Introducing Alexa Conversations (beta), a New AI-Driven Approach to Providing Conversational Experiences That Feel More Natural

Drew Meyer Jul 22, 2020
News Voice User Interface

Alexa Conversations (beta) is now available to help you create more natural-feeling Alexa skills with fewer lines of code. Alexa Conversations is a new AI-driven approach to dialog management that enables you to create skills that customers can interact with in a natural, less constrained way - using the phrases they prefer, in the order they prefer – while freeing you to focus on the highest value parts of your experience. The Alexa Conversations feature is available in the en_US locale. Visit the Alexa Developer console to start building with Alexa Conversations. Then enter the Alexa Skills Challenge: Alexa Conversations contest to compete for $100,000 in cash prizes.

Making Conversations Feel Natural

Conversations are more nuanced than simply understanding words and sentences. As a result, you need to accommodate a wide range of phrases and unexpected dialog turns and have the memory to sustain long back- and-forth sessions. Your skills need to flex while gathering inputs and accept too much or too little information out of sequence. Skills need to automatically track across topical shifts, reference context, and adjust to corrections. For example, a pizza order is a conversation when customers say: “a medium two-topping” (answering more than one question at once), “how many people does that feed” (context carryover, anaphora, answering with a question), “pepperoni and onion” (list values), “make that a large” (correction), “apply the third coupon” (using voice to select from a visual or vocalized list), and tap choices on a screen. Supporting these conversational patterns make Alexa skills feel more natural and delights customers in new ways.

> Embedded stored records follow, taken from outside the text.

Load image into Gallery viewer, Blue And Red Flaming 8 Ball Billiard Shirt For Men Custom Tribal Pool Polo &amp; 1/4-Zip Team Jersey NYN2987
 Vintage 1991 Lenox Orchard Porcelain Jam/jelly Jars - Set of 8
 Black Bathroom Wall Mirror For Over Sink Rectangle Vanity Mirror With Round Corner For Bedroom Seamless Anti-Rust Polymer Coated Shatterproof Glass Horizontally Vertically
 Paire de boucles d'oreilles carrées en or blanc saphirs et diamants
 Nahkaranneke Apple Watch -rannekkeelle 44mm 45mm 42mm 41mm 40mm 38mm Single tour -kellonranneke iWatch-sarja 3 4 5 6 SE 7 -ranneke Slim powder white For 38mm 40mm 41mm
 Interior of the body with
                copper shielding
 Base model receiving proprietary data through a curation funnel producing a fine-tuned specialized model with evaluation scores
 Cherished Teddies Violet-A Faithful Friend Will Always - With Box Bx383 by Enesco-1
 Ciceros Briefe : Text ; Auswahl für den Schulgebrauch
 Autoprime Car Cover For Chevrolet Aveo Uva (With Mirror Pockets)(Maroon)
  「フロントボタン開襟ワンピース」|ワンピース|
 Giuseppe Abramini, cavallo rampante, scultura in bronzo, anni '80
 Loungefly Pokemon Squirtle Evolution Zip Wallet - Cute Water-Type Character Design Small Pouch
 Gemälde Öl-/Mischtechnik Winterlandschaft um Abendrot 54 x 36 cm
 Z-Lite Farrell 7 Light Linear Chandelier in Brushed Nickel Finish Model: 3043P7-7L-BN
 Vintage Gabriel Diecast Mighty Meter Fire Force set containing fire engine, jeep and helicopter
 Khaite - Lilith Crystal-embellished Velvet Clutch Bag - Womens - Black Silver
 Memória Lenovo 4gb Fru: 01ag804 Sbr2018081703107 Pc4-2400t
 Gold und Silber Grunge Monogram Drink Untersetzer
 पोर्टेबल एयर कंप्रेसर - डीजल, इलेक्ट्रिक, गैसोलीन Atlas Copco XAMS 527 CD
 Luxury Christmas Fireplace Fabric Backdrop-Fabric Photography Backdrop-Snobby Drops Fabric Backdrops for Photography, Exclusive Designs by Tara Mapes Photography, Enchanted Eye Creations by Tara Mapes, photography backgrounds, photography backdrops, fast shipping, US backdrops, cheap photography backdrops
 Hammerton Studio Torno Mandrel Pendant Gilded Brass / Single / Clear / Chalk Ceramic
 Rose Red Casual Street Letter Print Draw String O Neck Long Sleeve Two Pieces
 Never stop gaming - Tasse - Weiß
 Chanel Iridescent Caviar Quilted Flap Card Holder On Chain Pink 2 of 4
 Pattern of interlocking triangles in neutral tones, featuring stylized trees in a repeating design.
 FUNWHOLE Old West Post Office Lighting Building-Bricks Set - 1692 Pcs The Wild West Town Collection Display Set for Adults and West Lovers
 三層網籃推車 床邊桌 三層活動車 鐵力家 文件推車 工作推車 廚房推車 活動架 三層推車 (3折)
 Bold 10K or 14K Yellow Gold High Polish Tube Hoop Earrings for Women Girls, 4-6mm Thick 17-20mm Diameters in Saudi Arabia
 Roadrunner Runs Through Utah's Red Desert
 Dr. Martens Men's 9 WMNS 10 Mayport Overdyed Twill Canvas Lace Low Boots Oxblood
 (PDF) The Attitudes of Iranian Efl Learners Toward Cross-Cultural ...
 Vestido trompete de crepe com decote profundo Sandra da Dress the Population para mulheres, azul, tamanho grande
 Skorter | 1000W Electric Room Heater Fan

The Skill-Builder’s Dilemma

Building skills that feel natural with today’s techniques can be cumbersome and error-prone, and developers have told us they are apt to abandon or compromise their efforts. The number of ways customers can engage and the variety of dialog paths they can take often result in a combinatorial explosion of states and code. For example, a pizza ordering skill with seven topping combinations might require more than 5,000 dialog paths. Using slots and intents means hard coding every element, including carrying context through every turn, building a state machine to manage the variables, and accounting for every possible phrase a customer might use. A skill that feels natural can become prohibitively complex to build and maintain, but limiting the skill produces an unnatural interaction that doesn’t fully satisfy customers.

Fill in the Blanks with Artificial Intelligence

Alexa Conversations uses AI to bridge the gap between what you can build manually and the vast range of possible conversations. You provide a few sample dialogs showing your ideal dialog paths and templates for the APIs you’ll need called, and AI extrapolates the spectrum of phrasing variations and dialog paths for you. The AI will also take on the dialog state and context management, including carrying context across turns, managing lists, and supporting corrections. Alexa Conversations helps customers experience natural conversations with less development effort, freeing you to focus on creating a quality experience instead of on flowcharts.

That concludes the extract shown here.